Task details: Your answer must hold only the lines below from the line containing "Marinblå hoodie från GANT - Marinblå" through the line containing "Hotel Luisa Milaan Kamer foto", each reproduced exactly.

Input for this task:
.....
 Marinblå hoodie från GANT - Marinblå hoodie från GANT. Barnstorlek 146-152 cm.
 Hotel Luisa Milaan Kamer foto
.....
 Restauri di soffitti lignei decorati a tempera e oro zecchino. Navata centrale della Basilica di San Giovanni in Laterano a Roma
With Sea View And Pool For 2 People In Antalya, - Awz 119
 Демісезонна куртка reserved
.....
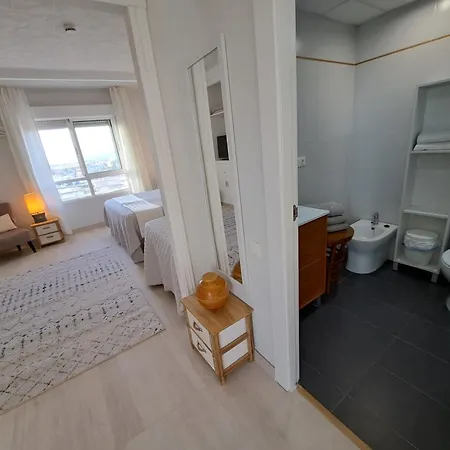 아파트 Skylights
.....
Solution for this exercise:
 Marinblå hoodie från GANT - Marinblå hoodie från GANT. Barnstorlek 146-152 cm.
 Hotel Luisa Milaan Kamer foto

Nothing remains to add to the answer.